• **The data**:
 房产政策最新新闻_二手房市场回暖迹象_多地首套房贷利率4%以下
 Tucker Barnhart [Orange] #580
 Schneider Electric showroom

* * *

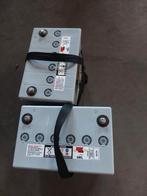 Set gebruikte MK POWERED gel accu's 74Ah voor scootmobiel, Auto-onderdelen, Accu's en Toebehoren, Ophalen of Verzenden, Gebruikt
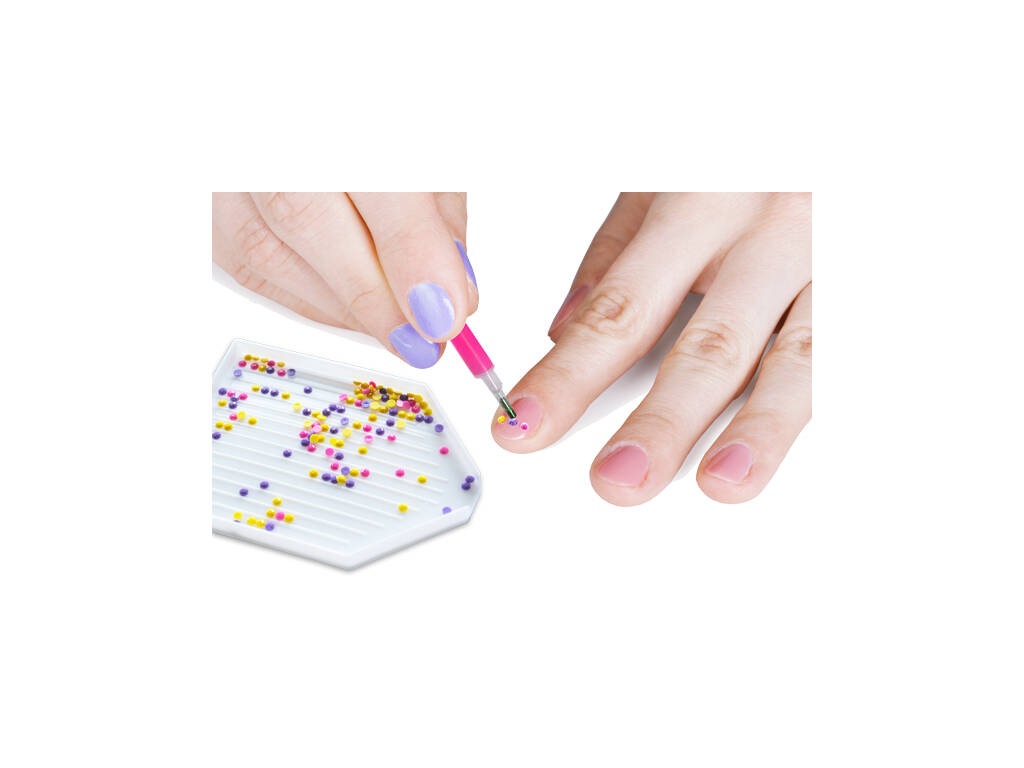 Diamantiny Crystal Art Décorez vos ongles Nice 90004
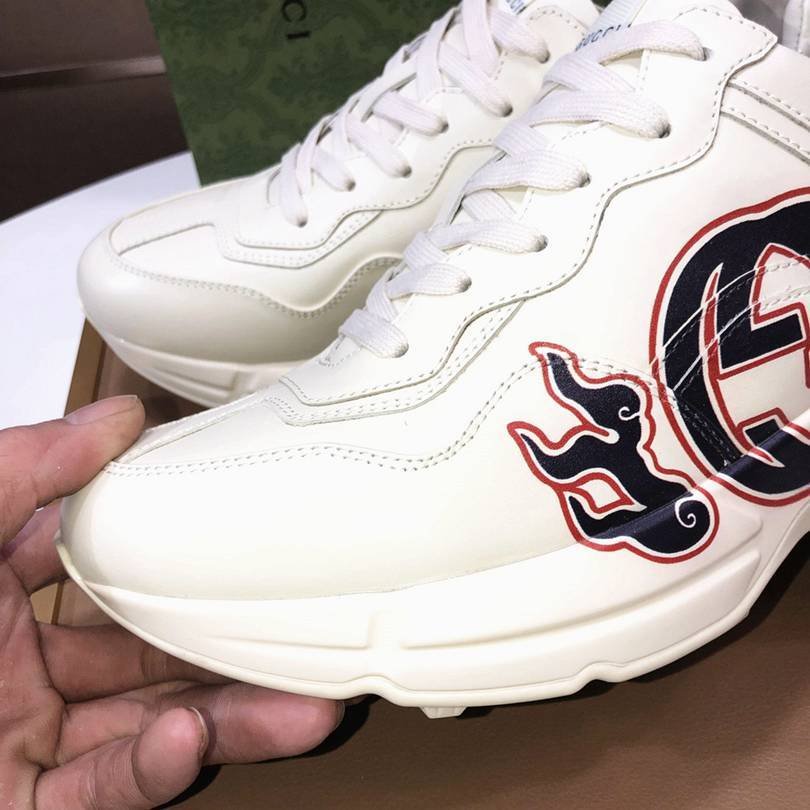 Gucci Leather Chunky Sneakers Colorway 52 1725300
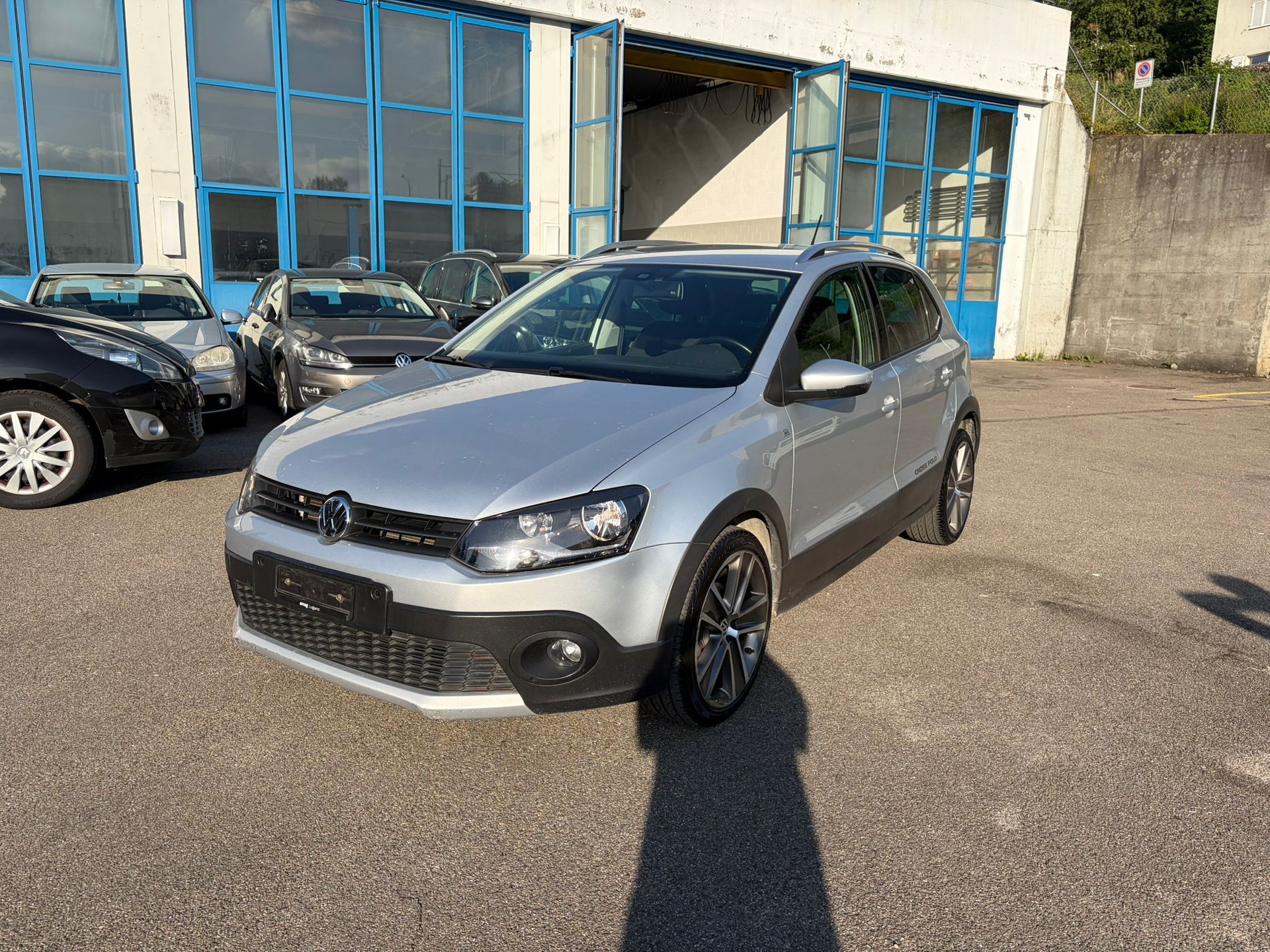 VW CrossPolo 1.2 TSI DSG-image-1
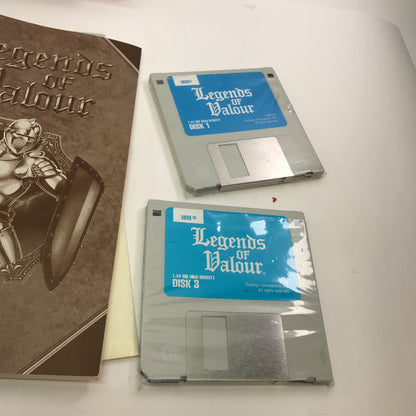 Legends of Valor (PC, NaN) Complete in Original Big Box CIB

• **About this exercise**: When the line with "房产政策最新新闻_二手房市场回暖迹象_多地首套房贷利率4%以下" is reached in the data above, begin copying, and stop after the line with "Schneider Electric showroom"; copy each line exactly, both ends included.

• **Completed task**:
 房产政策最新新闻_二手房市场回暖迹象_多地首套房贷利率4%以下
 Tucker Barnhart [Orange] #580
 Schneider Electric showroom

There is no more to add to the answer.